[Image-text web data]
▶

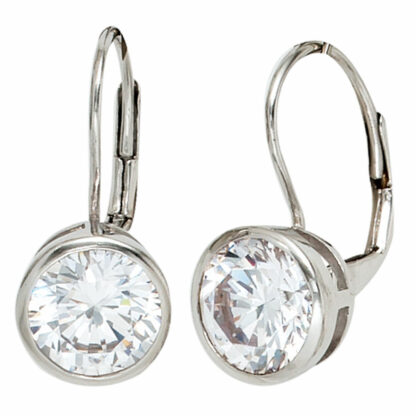 Boutons 925 Silber mit 2 Zirkonia rund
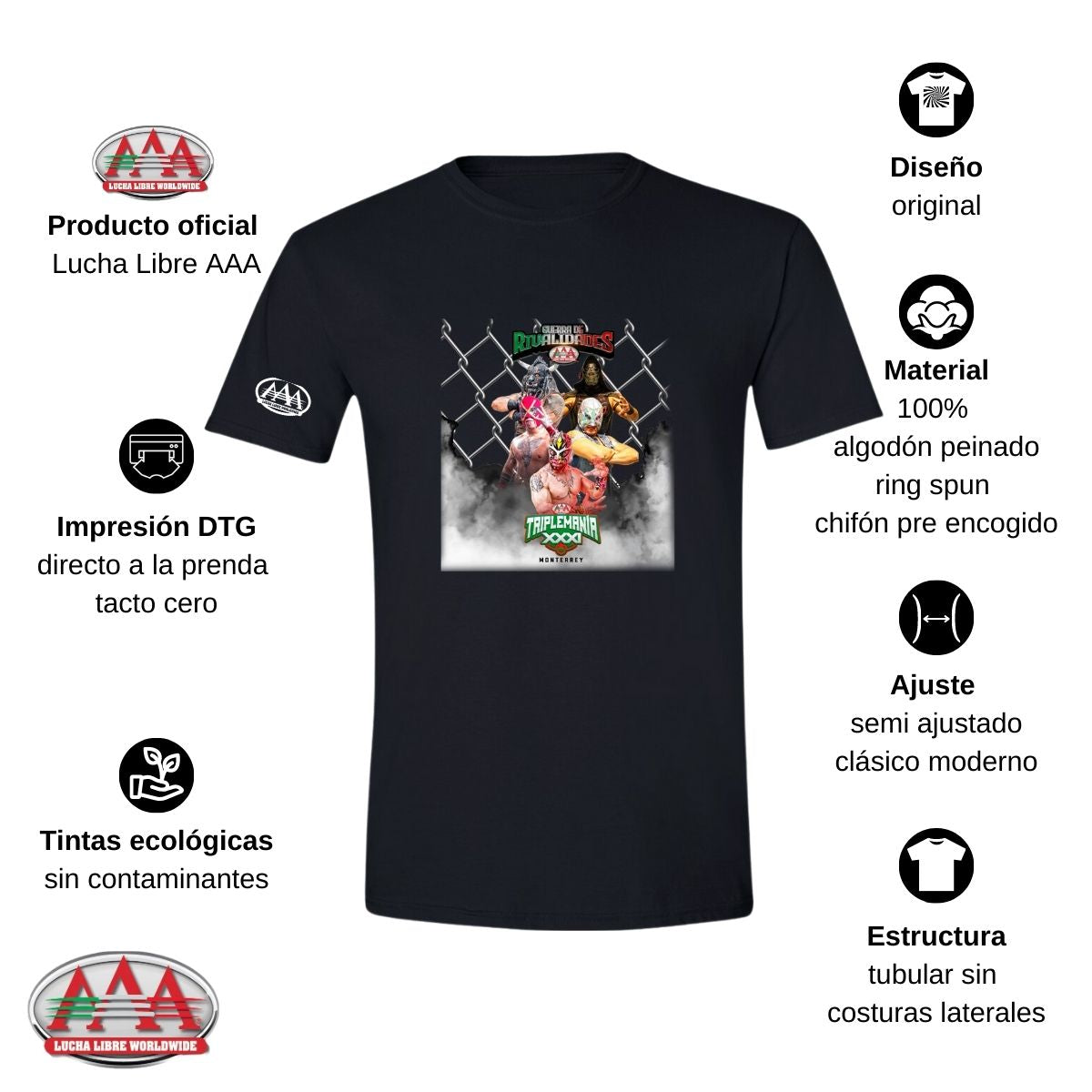 Playera Deportiva Hombre Lucha Libre Triplemanía 31 Mty AAA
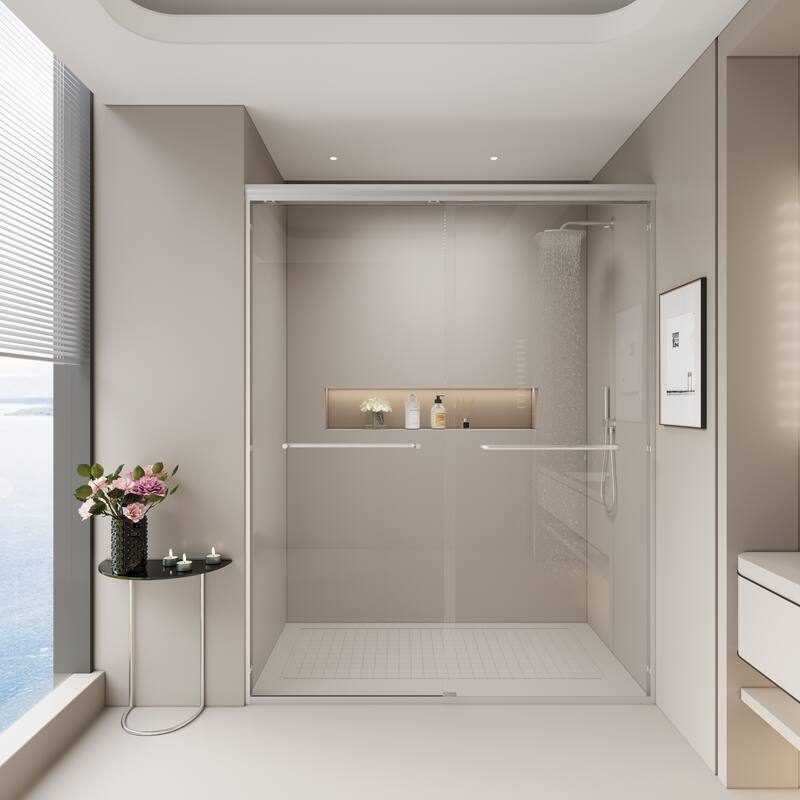 Double Sliding Shower Door, Semi-frameless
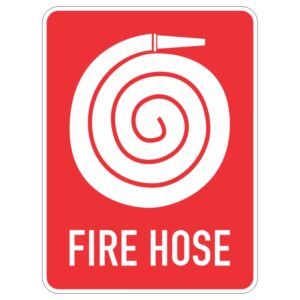 A sign featuring a white spiral fire hose icon on a red background, with the words FIRE HOSE displayed prominently below.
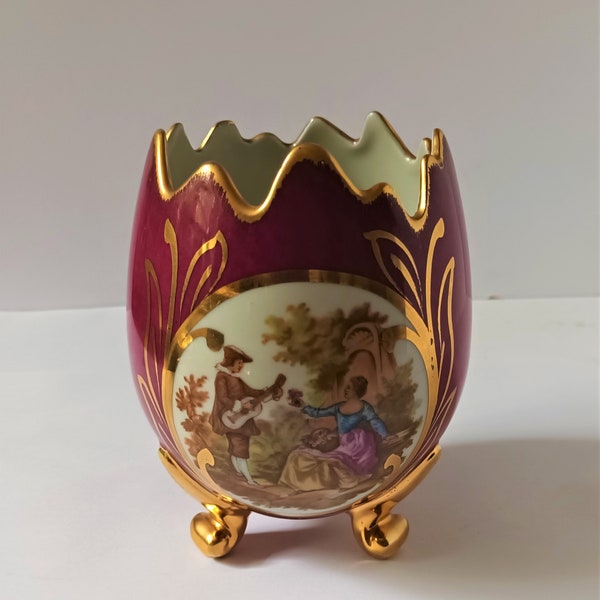 Limoges Deep Red Egg Shaped Vase Fragonard Lovers 4 3/4" 12cms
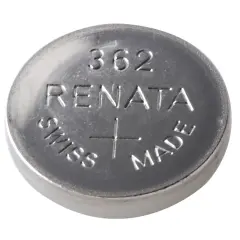 RENATA 362 Non-rechargeable Battery, Watch, Single Cell, Silver Oxide, 24 mAh, 1.55 V, SR58, Flat Top (1 piece)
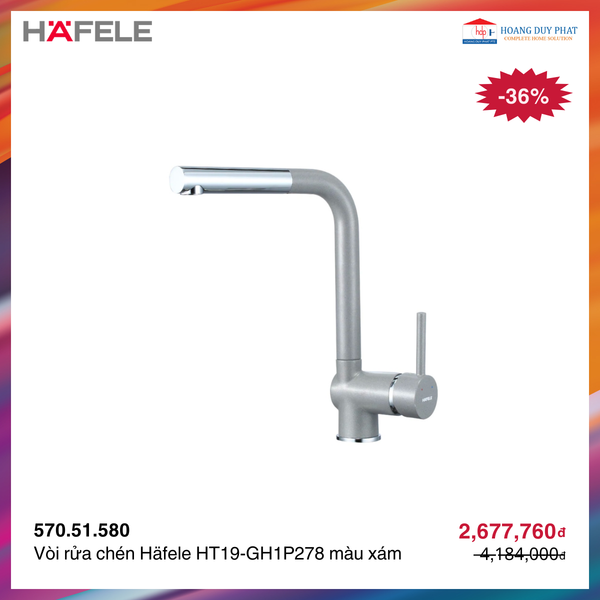 Vòi rửa chén Häfele HT19-GH1P278 570.51.580 màu xám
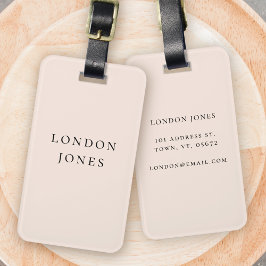 モノグラムモダン赤面ピンクシンプルパーソナライズされた ラゲッジタグ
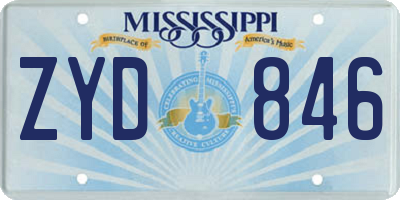 MS license plate ZYD846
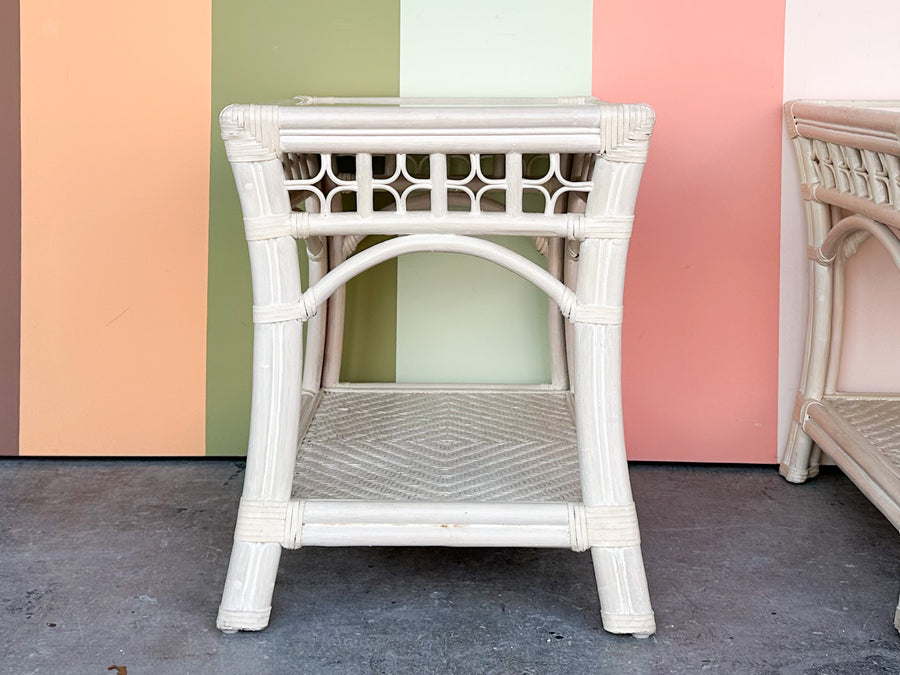 Pair of Coastal Rattan Side Tables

◀

Please retype only the lines from the line that holds "モノグラムモダン赤面ピンクシンプルパーソナライズされた ラゲッジタグ" through the end of the records, exactly as they stand, and drop every picture.

 モノグラムモダン赤面ピンクシンプルパーソナライズされた ラゲッジタグ
 MS license plate ZYD846
 Pair of Coastal Rattan Side Tables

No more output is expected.